I definitely stepped outside that zone yesterday and suppose I may as well continue down that road today.  I did get up at 4:30 this morning, got in a good workout and ate a healthy breakfast before getting ready for work.  Getting that workout in early made me feel good about myself…the first step back in the right direction.  I took my lunch and snacks to work.  I must admit though, I was tempted to buy a candy bar at work.  What?  Let me explain…my district manager called.  We had a conference call scheduled for this afternoon and he wanted me to give a little talk on the call. At the same time, he told me I’d be presenting three different discussions at a district meeting on March 1.   I’ve never been comfortable with public speaking.  When I was a kid, I was painfully shy.  I’m not that bad any more, but speaking in front of all the managers, the auditor and who knows who else still makes me nervous.  So…nervousness, for me, has often triggered emotional eating.  I knew that’s why those candy bars were calling my name today.  I’m pleased that I was able to ignore them, plan what I was going to say and move on with my day.

It’s strange.  I’m in retail management.  I know how to do my job.  I know I’m intelligent and capable.  I know I understand the policies and procedures of our company as well as the other managers do.  But I still feel hesitant about being the center of attention at that upcoming district meeting.  Because I’ve gained weight?  Yeah, I’m pretty sure that has something to do with it.  I know people who haven’t seen me since the last meeting will notice how much weight I’ve gained.  But wait!  So what?  Why do I care about what they think?  I’m who I am regardless of my weight.  I remember my step sister once told me that my weight didn’t have any bearing on how they (the family) felt about me.  That was the first time I’d thought of it like that.  I’d always assumed that my family and friends “liked” me more when I was thin, that they were embarrassed to be around me when I was heavier.  That doesn’t say a lot for how I thought about them, does it? 

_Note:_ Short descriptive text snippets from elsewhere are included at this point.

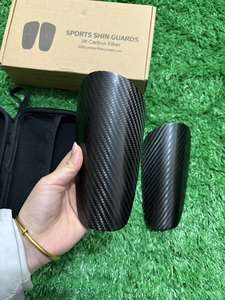 <span class=keywords><strong>Espinilleras</strong></span> de Fibra de Carbono 3K OEM Ligeras para Atletas de Fútbol, <span class=keywords><strong>Espinilleras</strong></span> de Fibra de Carbono con Espuma EVA y Logotipo Personalizado - Product Image 3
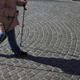 Starejšega občana s pretvezo oškodoval za 2200 evrov
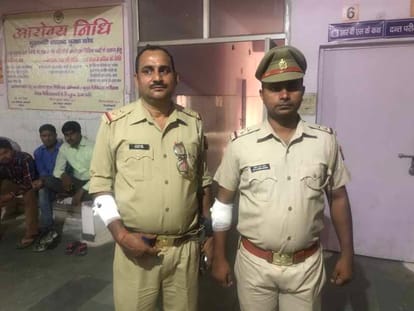 car loot in agra two robbers arrested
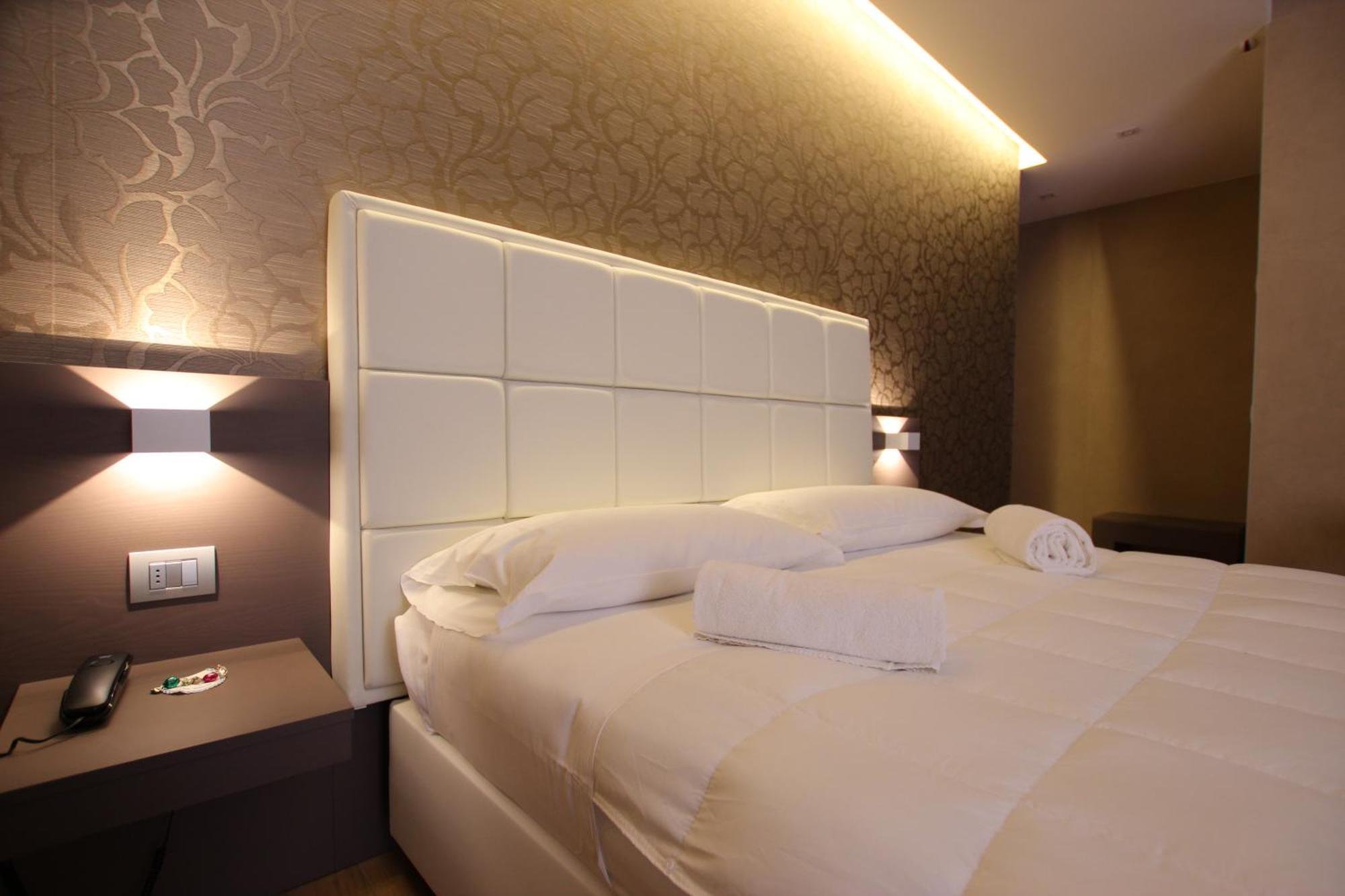 Mokinba Hotels Baviera Milánó Szoba fotó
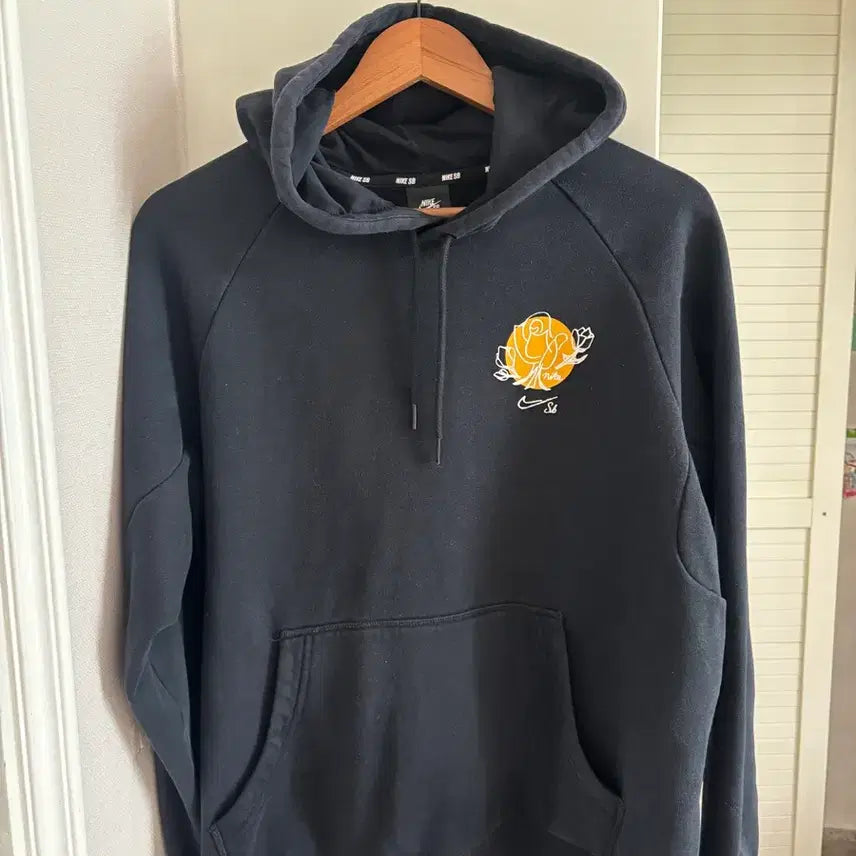 [BUNJANG] Nike SB Rose Graphic Hoodie Black / 나이키 SB 플라워 블랙 후드티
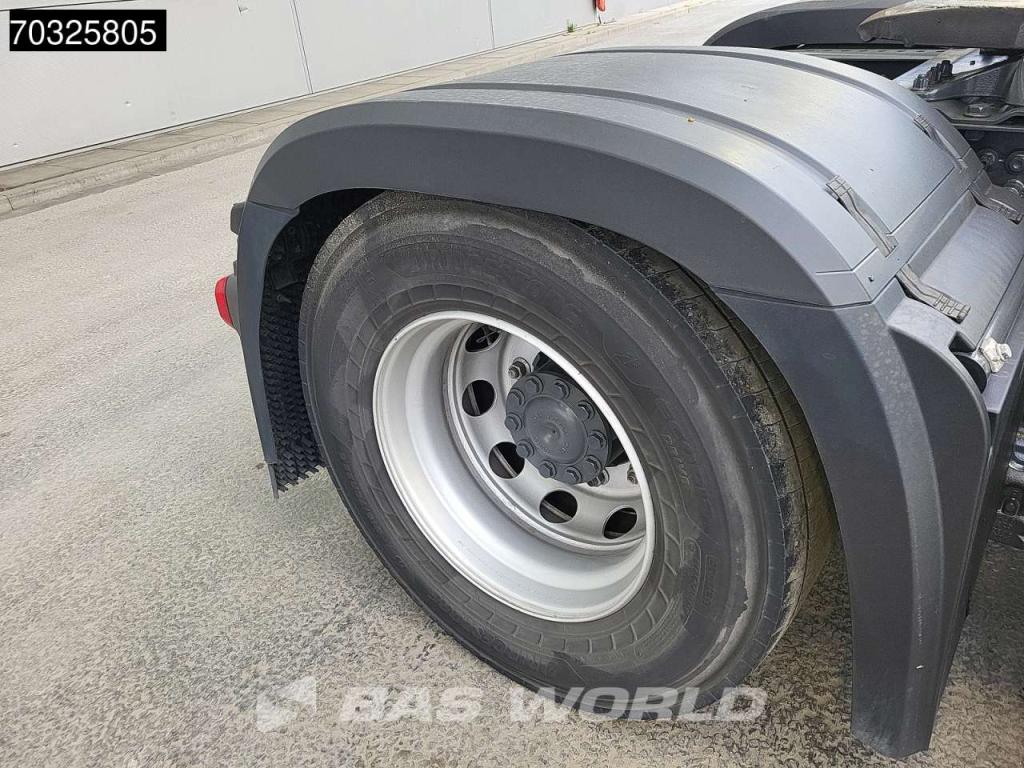 Mercedes-Benz Actros 1845 4X2 BigSpace 2xTanks Navi Photo 17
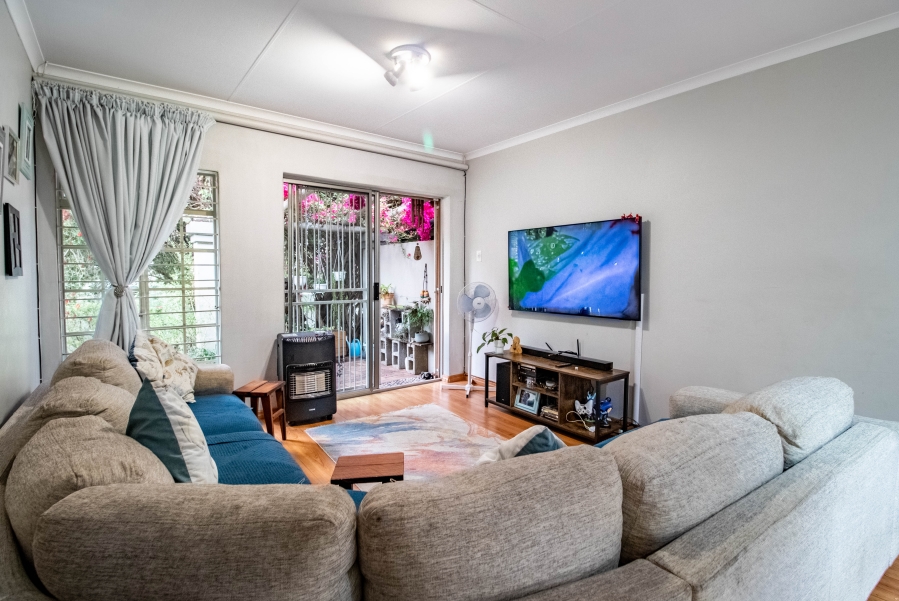 2 Bedroom Property for Sale in Douglasdale Gauteng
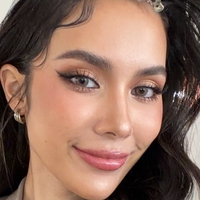 Saffron Maya Snook Desnuda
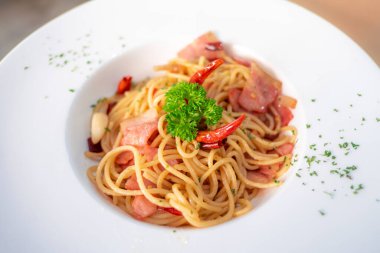 Spaghetti with Dried Chili spicy flavor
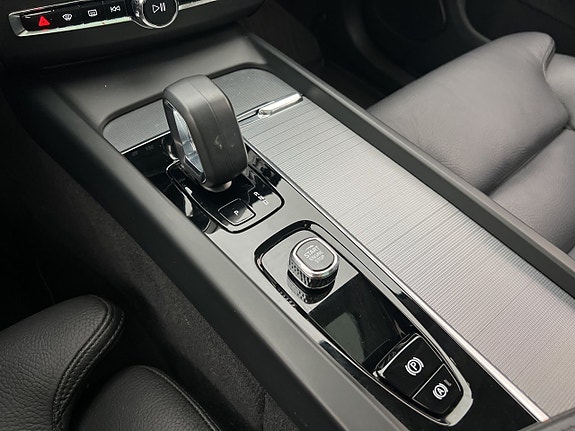Volvo XC60 27 of 30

I think I’m going to have to do a lot of soul searching on this journey, challenge my beliefs, question my thoughts and feelings.  It already feels uncomfortable, but I know the discomfort won’t kill me.  Facing my emotions won’t destroy me.  This may not be the easiest thing I’ve ever done, but it just might end up being one of the best things I’ve done for myself.  I’ll continue putting one foot in front of the other and picking myself up when I fall.  I know I can do this…wish me luck and pass along the occasional word of encouragement, okay?